It's one of the most blatant examples of plagiarism I've ever seen.
It's arguably worse than simple wholesale lifting of css, since they've carefully and deliberately redrawn distinctive design elements, and lifted half the copy as well
And this is a medium-sized design company, in a developed country. And it got nominated for an award.
Sure, the design has evolved a bit since it started as a direct copy, and the design wasn't that original in the first place, but I'm baffled by people suggesting the similarities might have been accidental.
Um, did you know that "awards" in the software industry are a sort of marketing gray area where companies pay a lot for a submission to some "organization" who then hands out "awards" and "nomiations" that can be advertized on websites?
"Awards" in many industries are marketing grey areas. In this case, though, it's just yet another free css design gallery: the only notable thing being that kintek probably nominated themselves, knowing exactly where their original design came from...
> I put out a new product a couple of weeks ago. This new product has so far won 16 different awards and recommendations from software download sites. Some of them even emailed me messages of encouragement such as “Great job, we’re really impressed!”. I should be delighted at this recognition of the quality of my software, except that the ‘software’ doesn’t even run. This is hardly surprising when you consider that it is just a text file with the words “this program does nothing at all” repeated a few times and then renamed as an .exe. The PAD file that described the software contains the description “This program does nothing at all”.
That's pretty much the feeling I had... I would even say that it might be that kintek never heard of this guys, they just happened to have very similar idea that probably came from similar sources.
Looking at the code, it looks like the Infinum site is using a bootstrap base, but a fairly customized navbar, and that the kintek site is using something else... the structure of the markup is similar, but definitely different, as well as the difference in CSS classes.
Yes, there are similarities, but I have no reason to believe that one is a ripoff of another. They're both pretty bog-standard bootstrap-like marketing sites.
It may not seem like it is copied, but it definitely is. Take a look at the background image that gives that curved effect. They haven't just tried to recreate it, they've literally downloaded the same image and just used that.

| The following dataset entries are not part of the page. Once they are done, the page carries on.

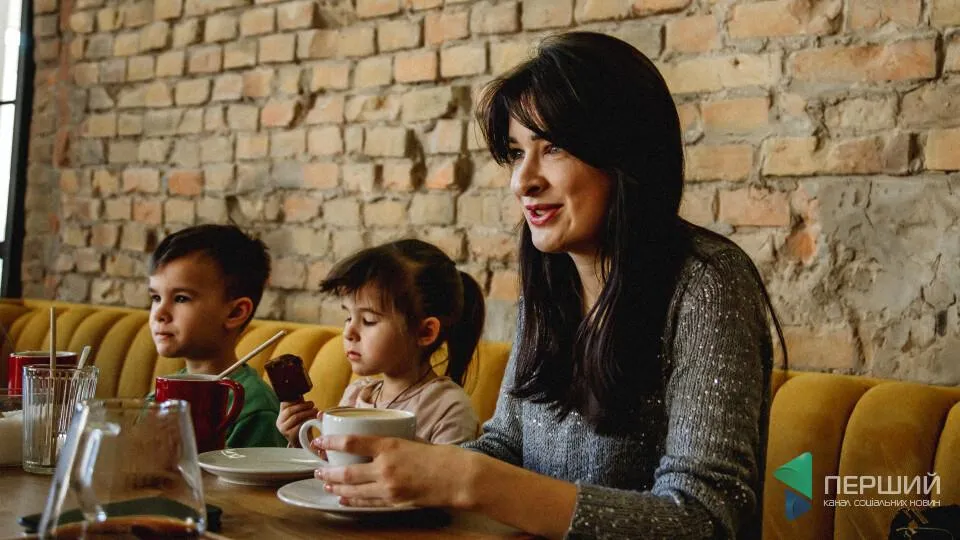 Юлія Яковлюк з дітьми Юлія Яковлюк з дітьми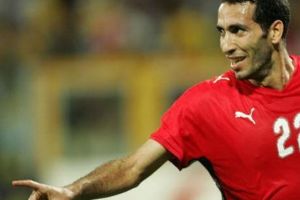 أبو تريكة: المونديال حلم لم أحققه ومنتخب الأفيال لديه فرصة أخيرة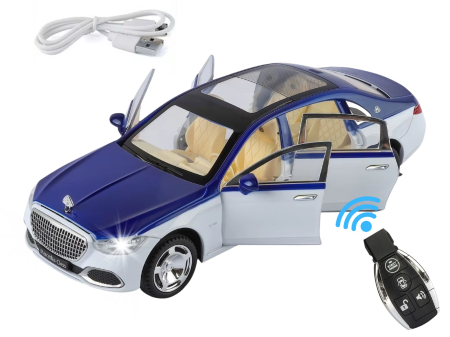 Masini metalice 21-25cm - Masina metalica cu Cheie, tip Mercedes Maybach S 680, Usile se deschid din Cheie, Sunete si lumini, Cablu USB, Capota si portbagaj mobile, scara 1:24, Alb, 20cm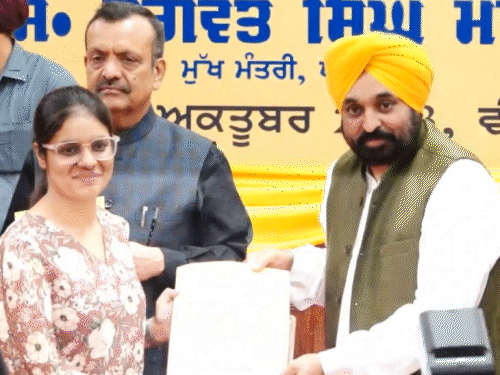 सीएम भगवंत मान आज बांटेंगे नियुक्ति-पत्र:  2200 नए कर्मचारी भर्ती कर रहा बिजली विभाग; अमृतसर के मेडिकल कॉलेज में होगा समागम – Amritsar News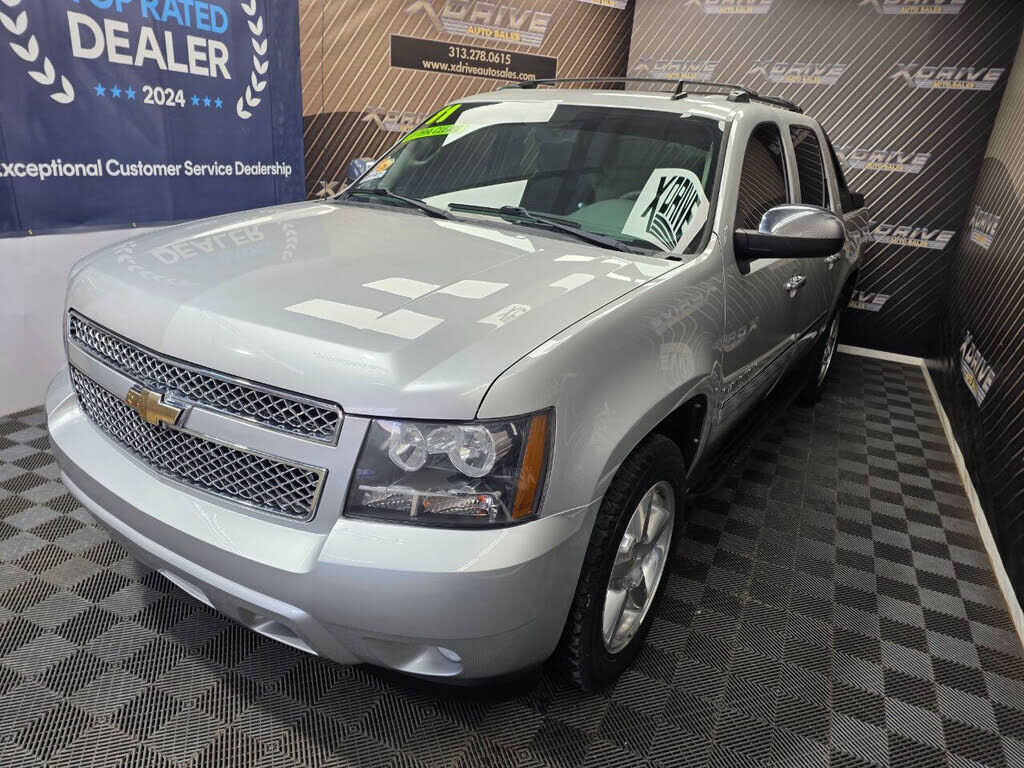 2011 CHEVROLET Avalanche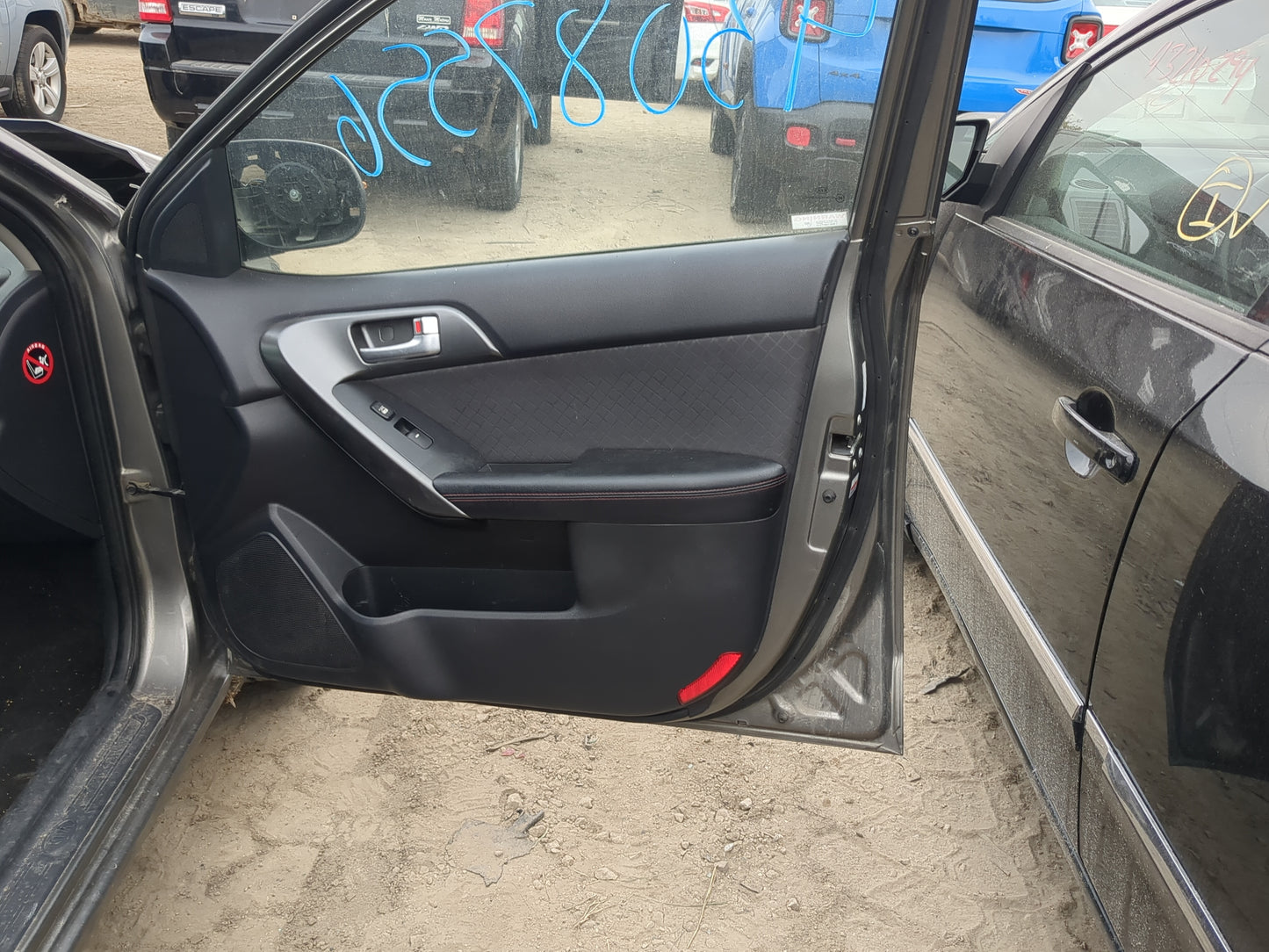 2010-2013 Kia Forte Passenger Front Door Oem 1206101 - Oemusedautoparts1.com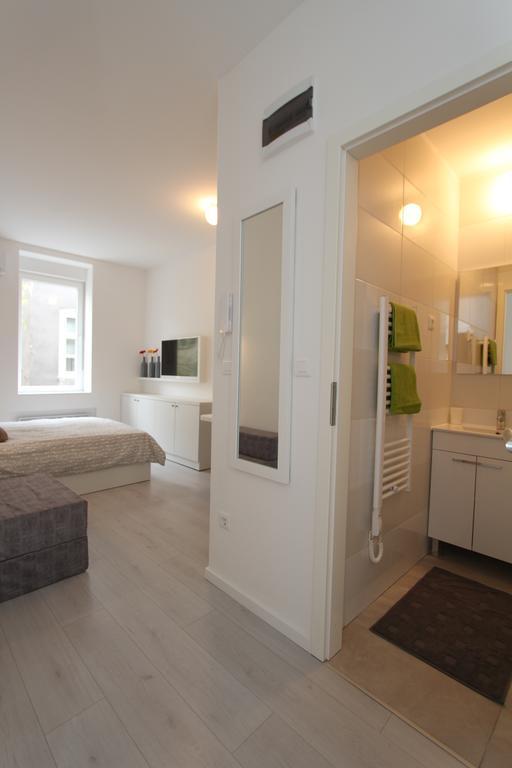 Apartments Simple Teslina Zagreb Exterior photo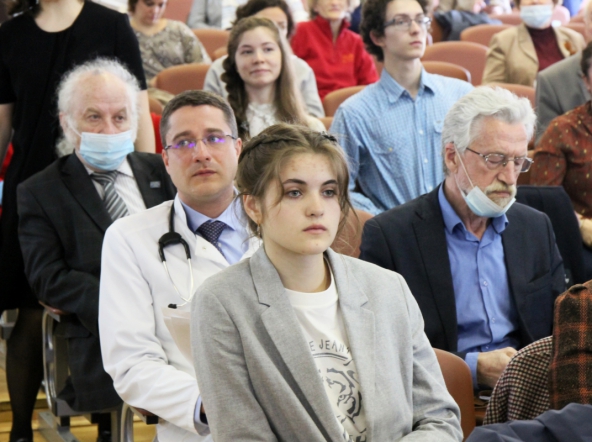 Студентов Педиатрического университета поблагодарили за борьбу с COVID-19 45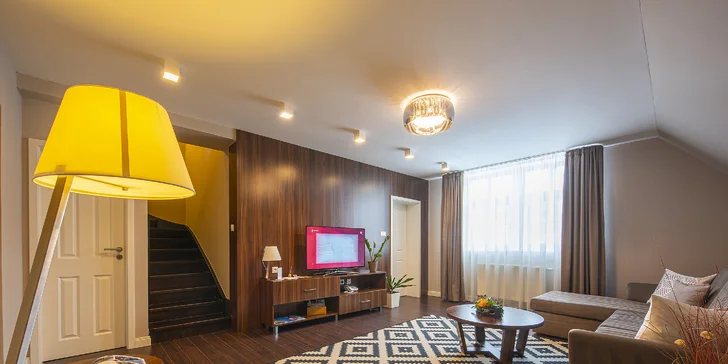 Apartmán má samostatnou ložnici s královskou postelí, kuchyňský kout i obývací pokoj s velkoplošnou TV.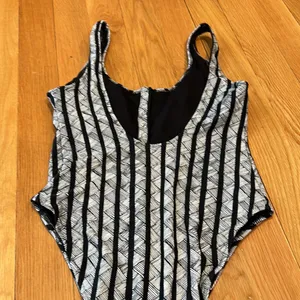 Aerie size large women’s bathing suit EUC thumbnail 4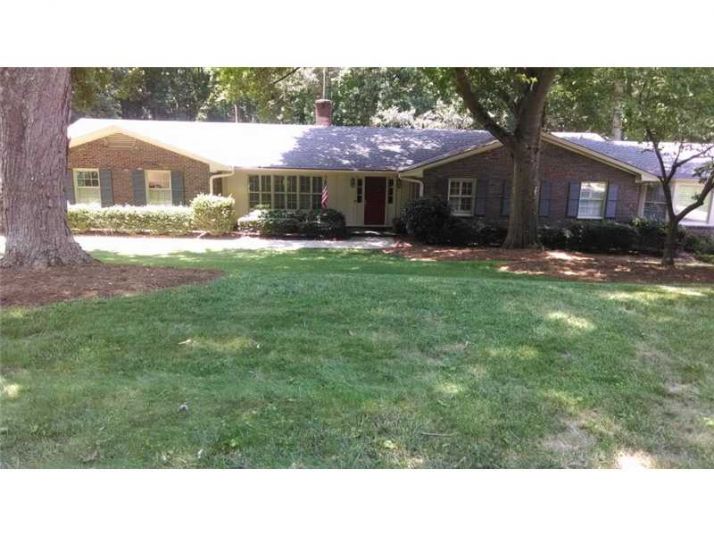 789 Little John Circle, Gainesville, GA 30501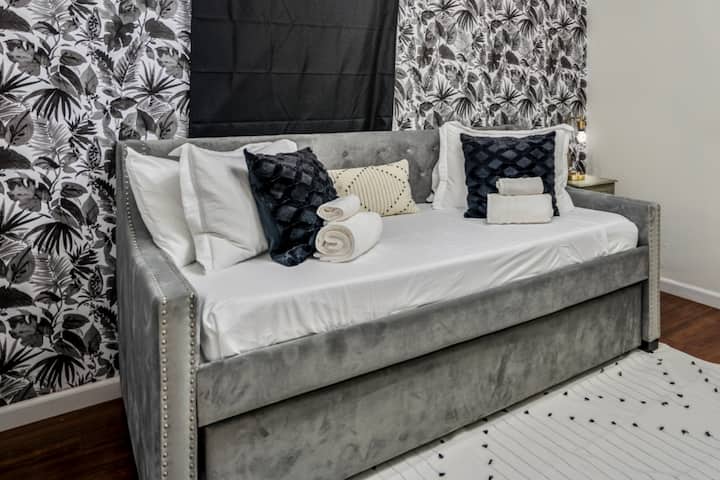 เพลิดเพลินกับการนอนกับเพื่อนในห้อง Trundle ของเรา! ด้านล่างของเตียงนอนกลางวันดึงออกมาสำหรับเตียงแฝดเพิ่มเติม 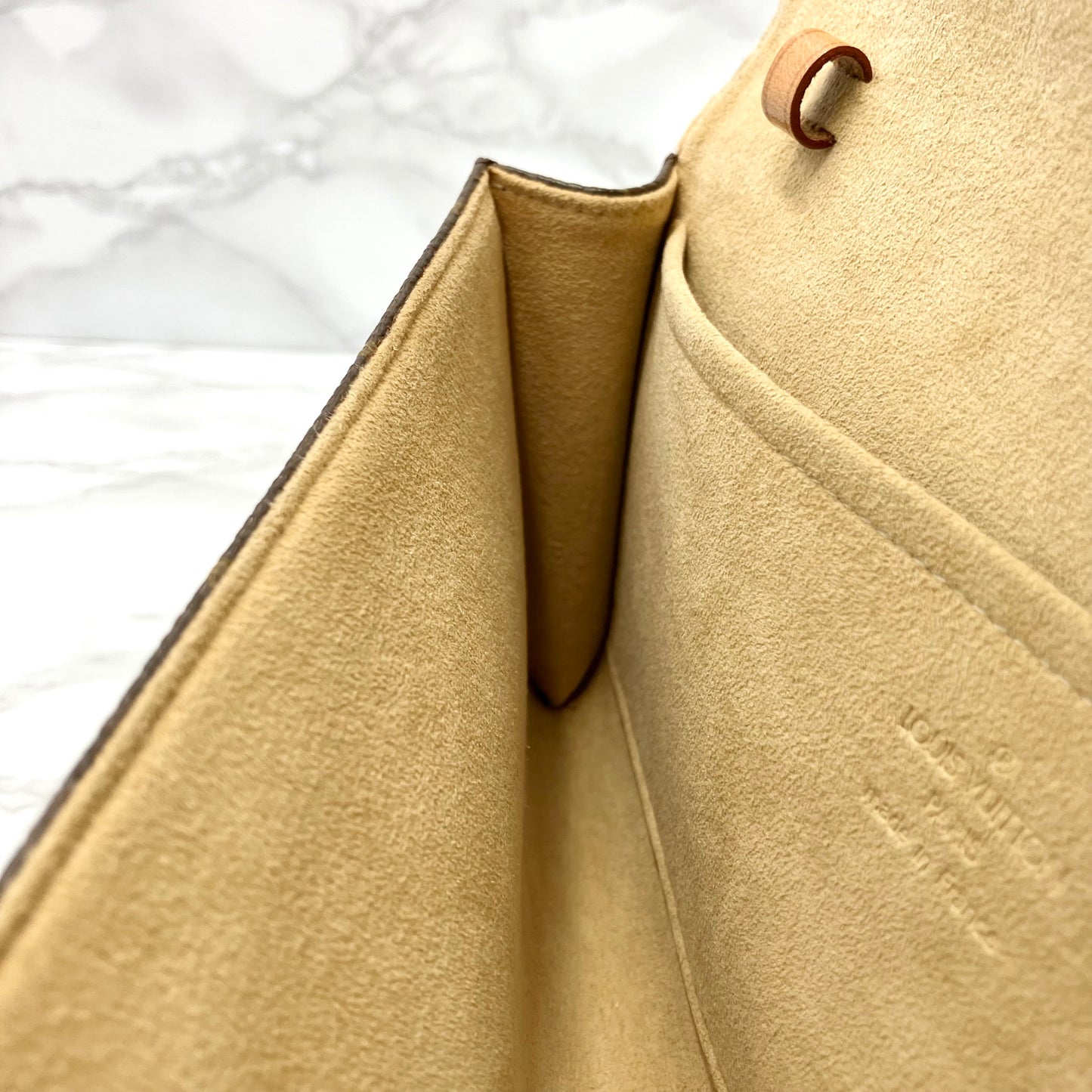 LOUIS VUITTON Monogram Pochette Twin GM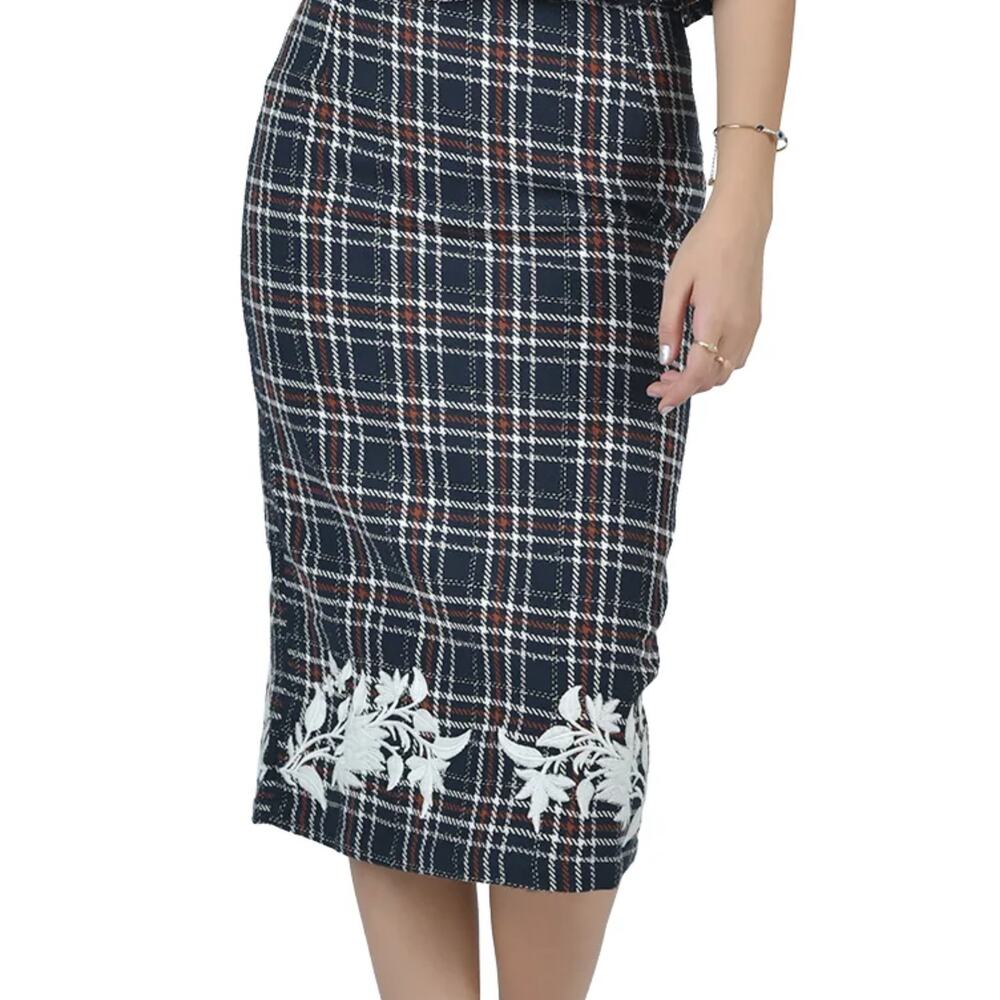 Fanm Mon Jill Embroidered Plaid Skirt in Navy Tartan Size L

If you hash both files on the original website and the new one, you'll see they both amount to: e6a486ac74a59aaa1abefec33de40c55
while it certainly looks like the second one did indeed rip off the first, i'd have to say there's nothing at all about the first one that looks even remotely interesting or innovative to me. looks like a run-of-the-mill $20 wordpress template.
Bootstrap provides a slim set of tools for constructing a website. The power comes in it's components, mobile-readiness, and extensibility. Going from default Bootstrap to either of these two sites would still take a lot of design work. You can also see the linked article's author talking about specific design decisions they made that aren't made by default Bootstrap.
I think a more accurate critique would be to look at some of the templates on Wrap Bootstrap. A lot of them do similar things to both of these websites.
I was born 34 years ago in Socialist Federal Republic of Yugoslavia. In the 20 years I lived there, I never met anyone who killed a bear with their bare hands, but I've met plenty of people with the same brutish, thuggish humor, who thought that kind of stuff was hilarious.
If there's one thing I would like to say to Tomislav, it's this: I'm proud of our nations' history and cultural heritage -- some shared, some not -- but this kind of negative publicity you're generating is part of the reason why there's a word "balkanized" in English language. I understand you're pissed they copied your hard work and your anger is justified. But please, don't do this.
Your message would probably come across clearer if you add a concrete example the behavior you want avoided and what you think the consequences are for not doing so.
I can't decide if it's a general aversion to public complaining, or if this company is really as arrogant and self important as this article made them out to be. In fact, after the thuggish threats, I'm pretty sure it's arrogance.
I'm not sure about what OP was thinking, but I felt the same way. The article seemed to have mixed messages. One was, "how dare you steal from us" and the other was "Everyone steals".
Looking at the two sites, they were both using such common web design styles these days, that I would have assumed they both based their site off of someone else's.
If I were them, I would have stuck to the second argument, realized that no idea or design is a unique snowflake and everyone steals constantly.
"But after some thought, Darko, our design lead (he's a very nice person) convinced me to give you guys the benefit of the doubt and not send the Croatian emmigration in Australia (known for working as bouncers and construction workers) knocking at your door."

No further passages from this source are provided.